BEGIN DATA SEGMENT

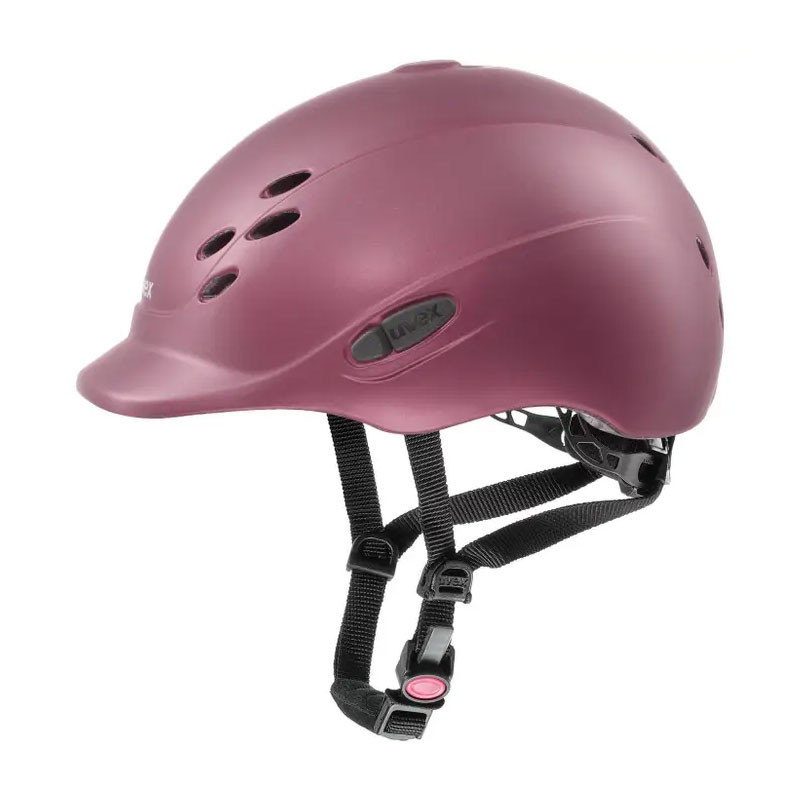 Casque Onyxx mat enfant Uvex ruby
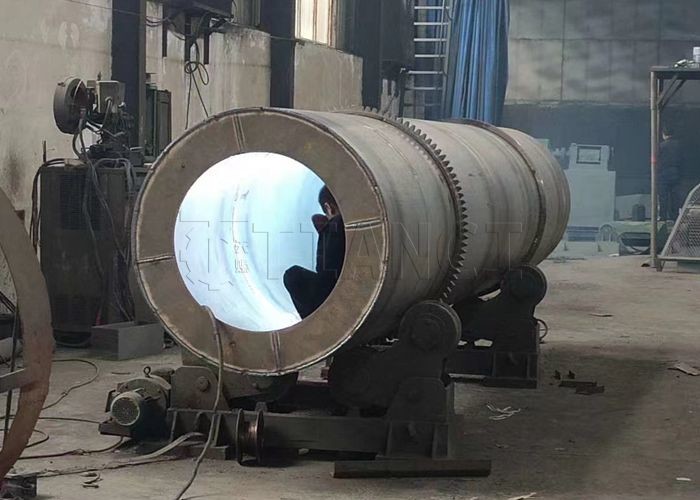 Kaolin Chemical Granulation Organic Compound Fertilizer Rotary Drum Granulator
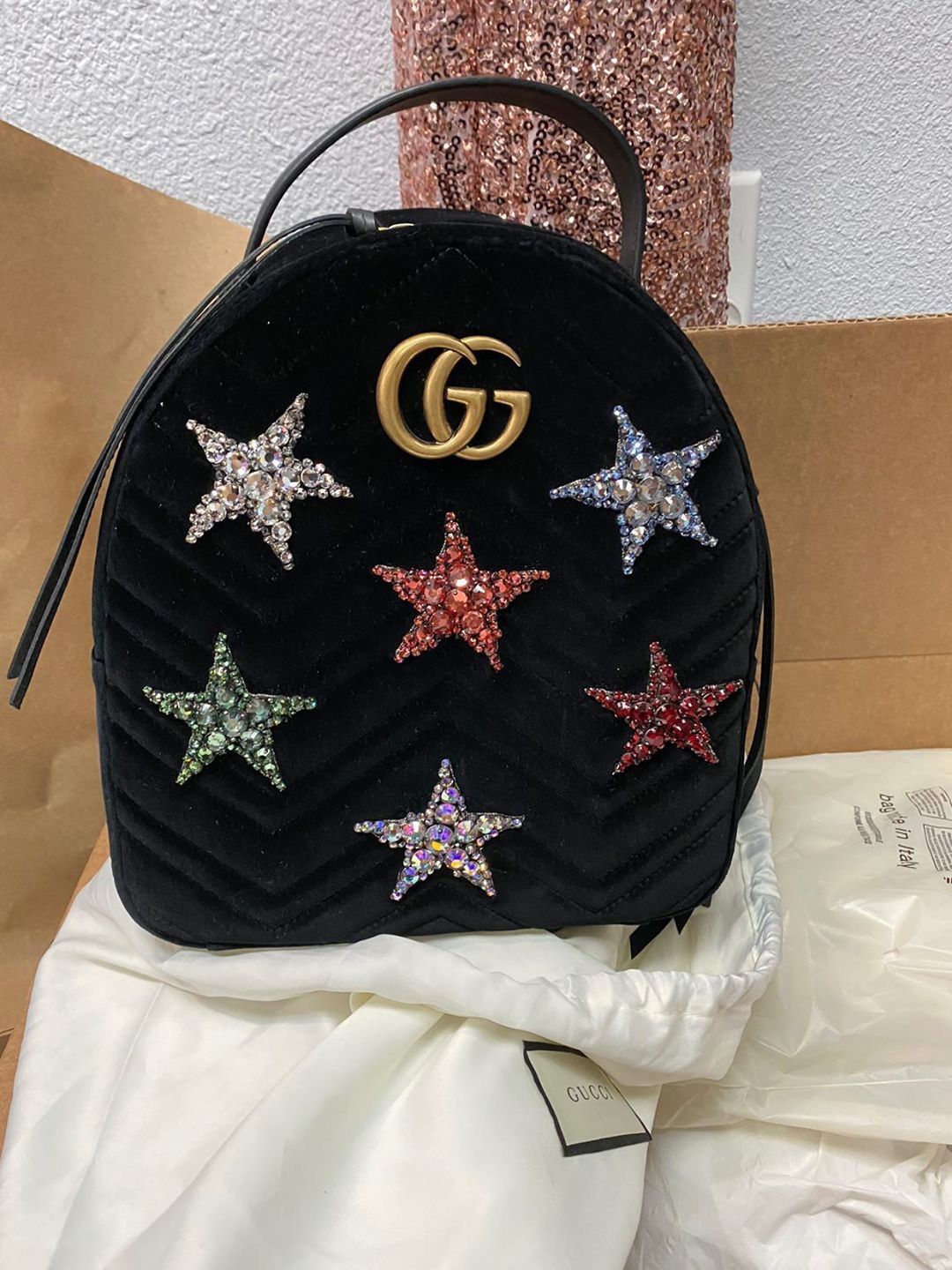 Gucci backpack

END DATA SEGMENT

Repeat the material exactly and drop each image.

→ **COMPLETED EXERCISE**
 Casque Onyxx mat enfant Uvex ruby
 Kaolin Chemical Granulation Organic Compound Fertilizer Rotary Drum Granulator
 Gucci backpack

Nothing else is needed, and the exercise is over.